PKK leaders fled to Iran following air strikes: report

Turkish media claims senior PKK terrorists fled to Shahidan camp in Iran as Turkey steps up air strikes

Photo by: Reuters
Photo by: Reuters

Cemil Bayik, a founding member of the militant group (PKK), speaks during an interview with Reuters at the Qandil mountains near the Iraq-Turkey border, October 19, 2013.

PKK terrorists escaping Turkish air strikes on their bases in northern Iraq are reportedly hiding in camp in Iran.

According to a report published in the Turkish daily Star newspaper on Thursday, the militants are seeking refuge in a camp in Shahidan, located along the Iranian-Iraqi border.

The Shahidan camp had long been used as a base by the PKK’s Iranian branch, the PJAK, before it was abandoned.

PKK leader Cemil Bayik is also reportedly among approximately 200 senior militants running the base, which is currently being used as a safe haven for the group. It is one of five bases found in Iran.

Turkey, which has been targeting PKK terrorists positioned around its border in Northern Iraq since a ceasefire with the militant group was broken last month, is not able to conduct air strikes on neighbouring Iranian territory.

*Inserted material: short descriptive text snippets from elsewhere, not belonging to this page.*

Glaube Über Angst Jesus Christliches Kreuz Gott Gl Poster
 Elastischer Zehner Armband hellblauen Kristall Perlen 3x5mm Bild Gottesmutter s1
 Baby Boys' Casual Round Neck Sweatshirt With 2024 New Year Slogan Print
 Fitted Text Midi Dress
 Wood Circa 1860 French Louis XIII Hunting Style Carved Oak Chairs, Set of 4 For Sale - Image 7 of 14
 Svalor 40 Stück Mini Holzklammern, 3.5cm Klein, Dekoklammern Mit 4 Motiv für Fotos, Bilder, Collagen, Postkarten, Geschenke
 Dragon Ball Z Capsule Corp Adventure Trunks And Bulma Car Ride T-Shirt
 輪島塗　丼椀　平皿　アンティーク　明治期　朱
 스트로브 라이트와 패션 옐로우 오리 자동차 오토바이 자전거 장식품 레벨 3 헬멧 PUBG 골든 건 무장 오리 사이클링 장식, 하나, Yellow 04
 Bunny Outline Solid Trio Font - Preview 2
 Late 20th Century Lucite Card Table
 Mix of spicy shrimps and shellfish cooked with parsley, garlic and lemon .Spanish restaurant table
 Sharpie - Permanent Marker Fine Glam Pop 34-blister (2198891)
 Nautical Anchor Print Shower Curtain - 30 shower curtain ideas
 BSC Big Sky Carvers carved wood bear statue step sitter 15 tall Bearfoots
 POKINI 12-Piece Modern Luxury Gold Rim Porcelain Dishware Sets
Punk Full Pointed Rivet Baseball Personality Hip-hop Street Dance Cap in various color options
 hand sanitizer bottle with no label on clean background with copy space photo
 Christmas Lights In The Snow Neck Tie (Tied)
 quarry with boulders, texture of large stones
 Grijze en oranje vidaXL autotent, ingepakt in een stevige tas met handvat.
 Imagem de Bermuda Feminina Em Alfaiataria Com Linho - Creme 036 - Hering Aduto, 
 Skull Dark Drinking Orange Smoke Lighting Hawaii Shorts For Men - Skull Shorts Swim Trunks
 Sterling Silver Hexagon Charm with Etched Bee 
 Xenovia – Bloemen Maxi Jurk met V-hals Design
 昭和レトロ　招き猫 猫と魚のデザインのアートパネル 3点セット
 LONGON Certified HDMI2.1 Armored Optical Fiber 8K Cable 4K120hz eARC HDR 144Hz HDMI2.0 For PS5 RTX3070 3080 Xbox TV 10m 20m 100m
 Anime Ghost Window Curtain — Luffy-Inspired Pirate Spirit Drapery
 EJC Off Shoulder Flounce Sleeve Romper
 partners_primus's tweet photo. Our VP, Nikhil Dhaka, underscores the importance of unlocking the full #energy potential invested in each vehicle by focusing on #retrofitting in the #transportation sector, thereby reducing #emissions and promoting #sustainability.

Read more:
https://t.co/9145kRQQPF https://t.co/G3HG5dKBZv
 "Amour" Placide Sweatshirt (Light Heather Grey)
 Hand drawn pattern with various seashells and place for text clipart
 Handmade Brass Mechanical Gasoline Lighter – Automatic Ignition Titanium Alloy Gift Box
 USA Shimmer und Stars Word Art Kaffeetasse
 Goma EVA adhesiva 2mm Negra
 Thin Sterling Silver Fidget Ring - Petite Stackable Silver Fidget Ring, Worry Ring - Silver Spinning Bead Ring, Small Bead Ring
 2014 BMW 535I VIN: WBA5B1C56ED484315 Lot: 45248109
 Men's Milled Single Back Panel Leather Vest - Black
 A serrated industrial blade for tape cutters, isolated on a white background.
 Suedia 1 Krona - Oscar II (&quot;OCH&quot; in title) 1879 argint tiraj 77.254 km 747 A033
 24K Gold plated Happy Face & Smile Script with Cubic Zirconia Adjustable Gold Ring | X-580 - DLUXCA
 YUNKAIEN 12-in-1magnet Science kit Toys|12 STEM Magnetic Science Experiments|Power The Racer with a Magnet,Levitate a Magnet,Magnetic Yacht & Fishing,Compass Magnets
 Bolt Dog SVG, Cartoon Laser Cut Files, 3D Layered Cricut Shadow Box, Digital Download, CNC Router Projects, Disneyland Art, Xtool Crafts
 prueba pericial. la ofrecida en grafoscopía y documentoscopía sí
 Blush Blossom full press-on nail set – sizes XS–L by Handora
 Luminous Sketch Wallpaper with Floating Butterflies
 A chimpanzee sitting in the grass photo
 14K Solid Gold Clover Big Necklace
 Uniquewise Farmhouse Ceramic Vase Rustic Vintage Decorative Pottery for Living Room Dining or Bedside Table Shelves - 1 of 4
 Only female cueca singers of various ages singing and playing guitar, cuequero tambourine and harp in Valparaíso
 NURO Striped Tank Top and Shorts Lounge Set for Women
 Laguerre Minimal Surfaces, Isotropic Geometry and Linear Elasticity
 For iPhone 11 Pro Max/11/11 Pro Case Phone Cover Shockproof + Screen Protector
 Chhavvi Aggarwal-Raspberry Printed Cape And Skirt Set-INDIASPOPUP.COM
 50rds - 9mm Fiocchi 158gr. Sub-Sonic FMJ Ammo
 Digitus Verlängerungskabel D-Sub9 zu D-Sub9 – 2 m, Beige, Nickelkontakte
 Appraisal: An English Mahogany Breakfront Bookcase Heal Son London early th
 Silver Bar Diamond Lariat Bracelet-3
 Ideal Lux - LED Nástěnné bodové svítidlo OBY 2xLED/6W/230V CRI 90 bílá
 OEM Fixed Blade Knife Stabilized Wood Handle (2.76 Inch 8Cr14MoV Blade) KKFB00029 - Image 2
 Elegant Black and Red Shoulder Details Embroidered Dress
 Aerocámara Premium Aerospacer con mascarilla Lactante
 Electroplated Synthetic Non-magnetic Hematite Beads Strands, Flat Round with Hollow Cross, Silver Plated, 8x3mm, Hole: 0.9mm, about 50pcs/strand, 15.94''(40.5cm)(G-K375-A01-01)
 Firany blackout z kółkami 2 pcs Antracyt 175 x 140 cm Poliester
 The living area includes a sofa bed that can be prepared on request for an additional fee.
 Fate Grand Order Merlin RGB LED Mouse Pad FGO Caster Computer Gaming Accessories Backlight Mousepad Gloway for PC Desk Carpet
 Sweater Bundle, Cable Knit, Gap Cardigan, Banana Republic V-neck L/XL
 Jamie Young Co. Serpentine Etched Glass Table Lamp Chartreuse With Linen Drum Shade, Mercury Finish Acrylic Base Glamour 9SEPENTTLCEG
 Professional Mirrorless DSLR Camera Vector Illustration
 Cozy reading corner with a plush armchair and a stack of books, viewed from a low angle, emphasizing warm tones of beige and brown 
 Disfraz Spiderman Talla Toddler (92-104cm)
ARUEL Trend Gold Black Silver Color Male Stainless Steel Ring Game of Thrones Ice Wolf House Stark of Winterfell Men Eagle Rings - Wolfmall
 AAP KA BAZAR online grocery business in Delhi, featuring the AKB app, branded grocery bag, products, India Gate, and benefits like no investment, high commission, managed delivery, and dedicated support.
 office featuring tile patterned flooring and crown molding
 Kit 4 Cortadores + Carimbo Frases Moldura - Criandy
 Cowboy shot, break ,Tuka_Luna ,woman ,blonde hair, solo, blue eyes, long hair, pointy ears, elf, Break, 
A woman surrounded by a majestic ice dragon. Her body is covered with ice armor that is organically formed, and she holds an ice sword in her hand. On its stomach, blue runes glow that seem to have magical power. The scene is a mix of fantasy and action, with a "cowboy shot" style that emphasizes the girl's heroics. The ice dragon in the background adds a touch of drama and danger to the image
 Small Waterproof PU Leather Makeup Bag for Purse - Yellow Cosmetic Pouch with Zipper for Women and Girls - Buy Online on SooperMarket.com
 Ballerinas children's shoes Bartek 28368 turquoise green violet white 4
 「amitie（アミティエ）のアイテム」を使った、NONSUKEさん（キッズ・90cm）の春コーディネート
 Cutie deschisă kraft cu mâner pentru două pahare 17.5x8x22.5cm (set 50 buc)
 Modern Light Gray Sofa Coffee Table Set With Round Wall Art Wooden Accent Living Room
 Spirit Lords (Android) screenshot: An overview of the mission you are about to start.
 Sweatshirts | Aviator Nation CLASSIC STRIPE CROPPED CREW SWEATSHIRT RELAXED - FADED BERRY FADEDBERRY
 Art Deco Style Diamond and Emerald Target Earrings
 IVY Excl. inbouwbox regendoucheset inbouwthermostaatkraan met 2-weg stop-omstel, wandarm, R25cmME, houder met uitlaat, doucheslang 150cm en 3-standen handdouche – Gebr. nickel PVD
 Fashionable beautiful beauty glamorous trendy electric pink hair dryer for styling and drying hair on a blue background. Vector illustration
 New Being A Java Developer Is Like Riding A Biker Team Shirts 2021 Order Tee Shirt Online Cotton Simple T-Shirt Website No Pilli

The PKK -  which is listed as a terrorist organisation by Turkey, the EU, the US and NATO - was once operational in Iran as well as Turkey, but halted its activities in Iran in 2011 to focus more on the war in Syria.

In August 2011, PKK commander Murat Karayilan told the Euphrates News Agency that the PKK did not consider it “appropriate” to continue being at war with Tehran while world was trying to “encircle Iran,” indicating that the PKK was siding with the Iranian-backed Syrian regime of Bashar al-Assad, whom the international community has repeatedly called on to step down.

PKK terrorists have have killed 36 Turkish security officers along with 6 civilians during dozens of terror attacks since a suicide bombing that took place in the Suruc district of Turkey's southeastern Sanliurfa province on July 20 claimed 32 lives and injured more than 100. The Turkish government blamed the terror attack on ISIS. 

The PKK blamed the Turkish authorities for "not doing enough to protect Kurds from the ISIS threat."

At least 36,000 people have been killed during the clashes between the Turkish security forces and the PKK terrorists since the group began its attacks against the Turkish state in 1980s.

In early 2013, Turkey launched a peace process to end the armed conflict with the PKK, but the PKK decided to end the ceasefire on July 11, 2015, citing the construction of dams in southeastern Turkey as a reason.